But time and money get in the way. We can’t spend nearly as much as we would like on our “craft”. We are a long way from our writermobile tour that we are set to do at a moment’s notice. Our wives taking turns driving, as we spins yarns in the back of the RV. Going from town to town, signing books & giving out half-ass advice & pieces of our hilarity.
The business. Fifteen years of blood, sweat & tears (wow, that would be a great band name). Sure, I have the best employees, customers & friends a person could ever ask for. Again, I am told I need to see the bright side. I try, Lord, I try. Those are great things, immeasurable things. I still have mountains of debt. A 75 hour work week, daily stresses that show on my face, demeanor and general attitude. If I could have one week of continuous vacation once a year with my family, it would be a damn miracle. My lovely, loving wife, always the optimist. Lets me know that most small businesses only make it two years. I think those people had the sense to get out when they could.
Upset with myself for not seeing the bright side. My wife, family, friends & customers are all supportive and amazing. People who love me and want to be around me, supporting me. Then, I get ever more depressed because I don’t appreciate them way I should. Self-loathing to the nth degree starts again.
Every year, I say to myself and I am told how perseverance, hard work & a great attitude will make 2007 better than ever, then 2008, 2009 and so on. Well, it’s 2014. The guy I write with has so much talent, heart and desire that I want 2014 to be a year for him to remember. A writing year like no other. Where time is abundant, and the ideas flow. Where the scotch is old and the storylines are fresh. On the road, with our wives in tow.
I hope for, will work hard for, a certain amount of success in my business’s 16th year. To work a reasonable week, so that I can see my loving, caring, understanding family. To take my deserving family on an adequate vacation.

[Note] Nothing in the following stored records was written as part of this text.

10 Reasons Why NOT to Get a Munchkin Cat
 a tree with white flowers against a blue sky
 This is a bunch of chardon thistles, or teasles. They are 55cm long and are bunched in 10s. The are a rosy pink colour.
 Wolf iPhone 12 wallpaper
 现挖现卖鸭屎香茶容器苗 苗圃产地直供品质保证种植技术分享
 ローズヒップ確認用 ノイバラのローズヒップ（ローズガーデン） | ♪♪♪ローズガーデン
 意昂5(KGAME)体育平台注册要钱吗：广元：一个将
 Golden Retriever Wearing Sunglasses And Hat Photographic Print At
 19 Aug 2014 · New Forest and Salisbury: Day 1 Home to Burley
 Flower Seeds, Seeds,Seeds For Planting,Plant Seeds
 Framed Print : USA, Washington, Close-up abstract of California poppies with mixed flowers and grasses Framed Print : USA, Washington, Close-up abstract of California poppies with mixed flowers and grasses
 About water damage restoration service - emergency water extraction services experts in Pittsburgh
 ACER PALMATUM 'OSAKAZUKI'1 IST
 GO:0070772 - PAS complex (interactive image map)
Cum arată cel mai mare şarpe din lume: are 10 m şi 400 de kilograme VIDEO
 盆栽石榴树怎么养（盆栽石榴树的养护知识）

I love the works of Arthur Miller, Lorraine Hansberry and Philip Van Doren Stern. But can’t figure out whether I am more like George Bailey or Willy Loman.
Yep, 2014 is going to be a new year. Walter Younger had it real tough. George Bailey had so much to be thankful for, but Willy Loman had a life insurance policy.
Fine Wine, by Harris
Don’t look now, but 2014 is shaping up to be a great year! 2013 was an odd duck to put it nicely, but if nothing else, an essential step toward 2014. Calendars aren’t like high-rise hotels, you can’t skip 13. So 2013 was a step, even if it the tables were turned and we were the ones who got stepped on in order to get here.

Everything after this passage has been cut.